This might at first seem like a silly question. You attended the police station and you made some notes. Who owns them must be obvious. Think again!
The notes you make at a police station are not yours. They belong to the client. You acted on behalf of a firm. They instructed you on behalf of a client. The client owns the notes.
Many police station reps keep copies of the notes or keep the originals. Do not be tempted to keep any client documents. They are not yours. They belong to the client. You made notes at the police station but they are not yours.
Moreover you do not want the notes. Here are a few of the reasons you do not want the notes.
1. Imagine the police raid you and grab them all and then argue that privilege does not apply as you had no right to keep the documents the police could argue privilege has not been breached. Admittedly its not likely but it is possible.
2. More seriously imagine you are holding notes on a sexual offence. There are rules on how those should be stored and its a pain: keys, log books, special secure cabinets.
3. Data protection rules apply to notes. The rules are onerous. For example you cannot allow the notes to leave the EU. If you have an email, backup or storage account are you certain it is inside the EU?
4. Firms are often subject to audit. The firm needs your notes. You do not need them.
There is no distinction between hard copy and electronic documents. Do not keep the notes!
There is a Law Society practice note on this issue here: https://www.lawsociety.org.uk/support-services/advice/practice-notes/who-owns-the-file/
There can be some reluctance to post notes to the firm because of the cost. But you cannot charge the firms for postage, stationery, envelopes and the like. The Crime Contract specifically prevents you from charging for posting your notes.
The relevant bit is in the Criminal Bills Assessment Manual.
3. Guidance for all Assessments
3.1 Administrative Work and Overheads
1. Subject to any express exceptions, payment will not be made for time spent on purely administrative matters (5.54, of the SCC Specification).
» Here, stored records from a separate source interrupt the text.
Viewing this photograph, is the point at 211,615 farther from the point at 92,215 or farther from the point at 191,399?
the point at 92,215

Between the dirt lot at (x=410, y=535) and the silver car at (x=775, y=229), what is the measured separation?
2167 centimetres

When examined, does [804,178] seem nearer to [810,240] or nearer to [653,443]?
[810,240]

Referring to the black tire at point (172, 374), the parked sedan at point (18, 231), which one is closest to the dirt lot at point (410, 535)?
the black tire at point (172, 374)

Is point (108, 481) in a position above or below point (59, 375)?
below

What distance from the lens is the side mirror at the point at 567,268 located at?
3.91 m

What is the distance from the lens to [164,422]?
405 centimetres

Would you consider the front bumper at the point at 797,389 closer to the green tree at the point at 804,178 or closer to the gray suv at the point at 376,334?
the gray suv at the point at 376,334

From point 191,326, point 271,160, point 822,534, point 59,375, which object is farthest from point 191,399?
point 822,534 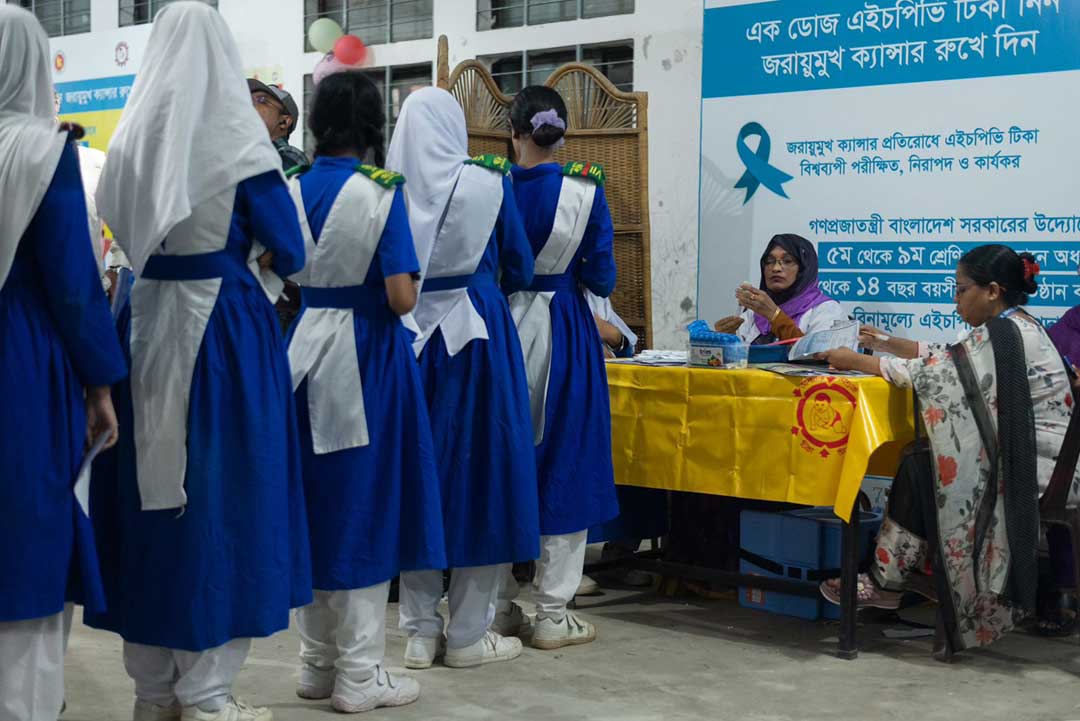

Thus, office overheads are not recoverable under the SCC. Overheads include, but are not limited to: the cost of maintaining premises, taxes, postage, stationery, typing, faxing, and telephone bills.
2. In deciding whether fee-earning work is administrative, consideration should be given to the work that was actually undertaken and not just the person doing the work. The test for fee-earning work is whether it goes directly to the provision of contracted legal services to the client.
3. The cost of undertaking all but exceptional quantities of photocopying in-house is regarded as an overhead expense (see Section 7).
4. Pursuant to 5.55, of the SCC Specification, the Assessor may not allow payment for preparing, checking, or signing a claim for costs. The cost of opening and setting up files, and maintaining time costing records are all administrative costs.
5. Courier fees are also excluded unless it is necessary to use a courier to deliver documents as a matter of urgency and the urgency has not been created by delay on the part of the solicitor.